• [Records shown]

####

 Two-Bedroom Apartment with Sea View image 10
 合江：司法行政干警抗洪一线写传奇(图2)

####

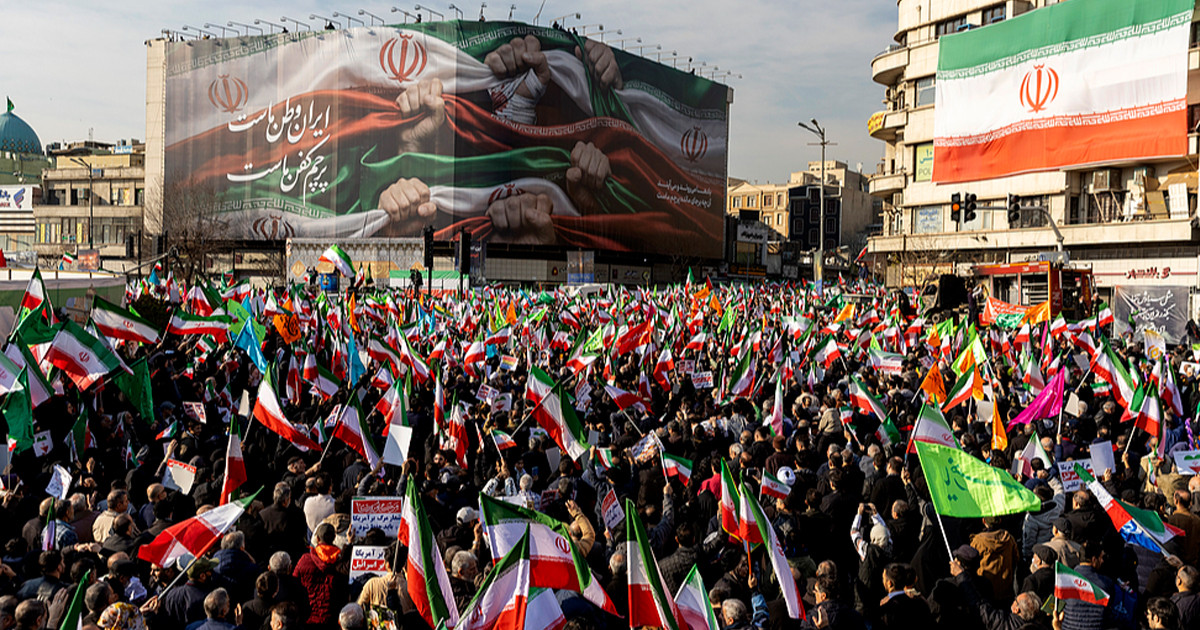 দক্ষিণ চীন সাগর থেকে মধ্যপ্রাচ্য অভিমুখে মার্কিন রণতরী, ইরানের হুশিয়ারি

####

• [Work request] In the listing above, find the line with "Two-Bedroom Apartment with Sea View image 10" and the line with "合江：司法行政干警抗洪一线写传奇(图2)", then reproduce both and every line between them exactly.

• [Response area]
 Two-Bedroom Apartment with Sea View image 10
 合江：司法行政干警抗洪一线写传奇(图2)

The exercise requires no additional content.